Srinagar: The Internet is slowly but inescapably forcing the close of the greeting card business across the world. The sales of these cards no longer show signs of a surge, even on special occasions.
Owners of various stores across Srinagar said that only a few people ask for greeting cards nowadays, that too, on a special occasion like Eid. “Now, socialising is done through the internet,” they said.
“We have limited the availability of greeting cards now as people don’t buy them,” said Athar Qayoom, who runs a gift items shop at city centre Lal Chowk.
Another gift store owner, Mohammad Ali Khan, said, “From the past three years, I have stopped purchasing greeting cards from dealers as nobody turns up to buy them.”
Khan further said, “Some 10 or 15 years back, a huge rush of people used to come to the stores for getting the best greeting cards on the eve of special occasions, be it Eid, Teachers’ Day, a friend’s birthday or any other occasion. But this is all gone now. For the past decade, the Internet has been killing the greeting card business.”
How the Net took over the Social Setup
“The easy accessibility of internet with a smart phone has changed the course of socialising. Now social media sites have taken that space, it has broken the social responsibilities which an individual used to have towards another,” said Zareef Ahmed Zareef, a writer.
From greetings to even condolences, the Internet is catering to all, he added.
Taskeena Ali, a postgraduate student from Hawal, said, “During my school days, I used to buy two-three greeting cards on the eve of Eid for my favourite teachers, and many school friends used to do the same. We as a bunch of friends then used to go to our teachers’ home and, as a token of love and respect, we would gift the cards. Now it is no more done. The new generation doesn’t do such stuff.”
Shahana Akhter, an elderly school teacher from Srinagar, said, “Some 10 years before, many students used to visit my home with different greeting cards, both handmade as well as those purchased from the market, not only on Eid but on Teachers’ Day as well. But, with time, things have changed drastically.”
“I remember I used to decorate plates with different sweets and even used to prepare milk tea for my students. I was pretty sure that many students will turn up on Eid, and they used to come in good numbers with so many beautiful cards in their hands. There used to be a pile of cards, and I as usual decorated my room with them.

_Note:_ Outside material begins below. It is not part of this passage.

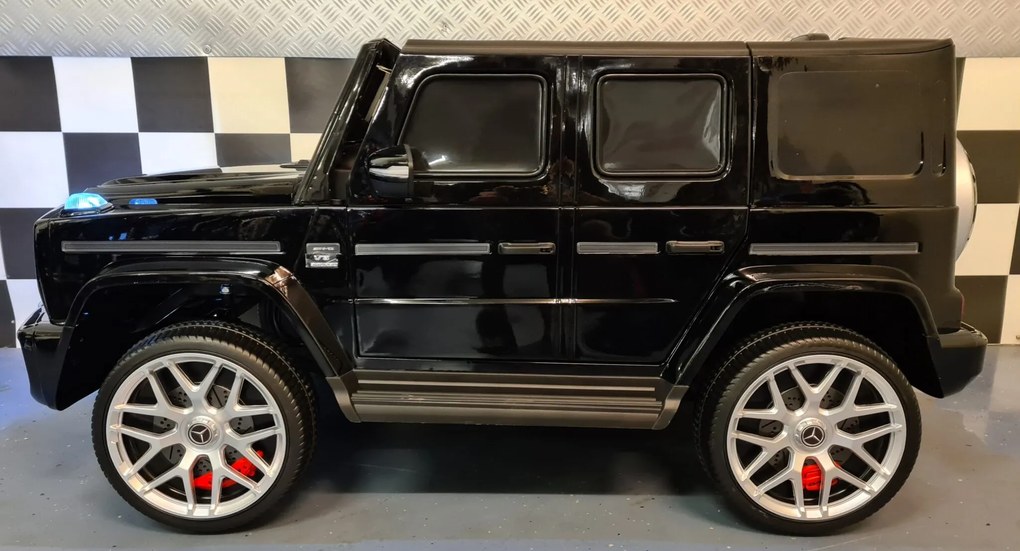 Carro Infantil Mercedes G63 2 lugares 12V,Pneus Borracha, Assento de couro preto metálico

“Now with the digital age, the Internet is there, smartphone is there and with just a click of the fingers everyone is greeted, but that innocence, simplicity and overall binding of the social ethos is all gone,” she added.
She further said that, “Nowadays we come to know about a person through social media even if we don’t know the person as such. So the Internet has definitely not only declined the business of greeting cards but has also led to declining of healthy relationships.”
A History of the Greeting Card
The practice of sending festive greetings dates as far back as the Middle Ages in Europe, when worshippers began distributing wood prints with religious themes at Christmas.
Indeed the first Christmas card was commissioned in 1843 by Sir Henry Cole, who had helped to introduce the Penny Post service three years earlier. It was designed by John Horsley to be printed and then hand-coloured, either by the sender or receiver.
Only 1,000 of these cards were printed and sold. At a shilling each, they represented a luxury item at the time.
By the 1870s, the cost of sending Christmas cards had dropped to half a penny, establishing them as popular tradition.
One of the original cards, sent by Sir Henry Cole to his grandmother in 1843, was auctioned for £20,000 in November 2001, making it the most expensive Christmas card on record.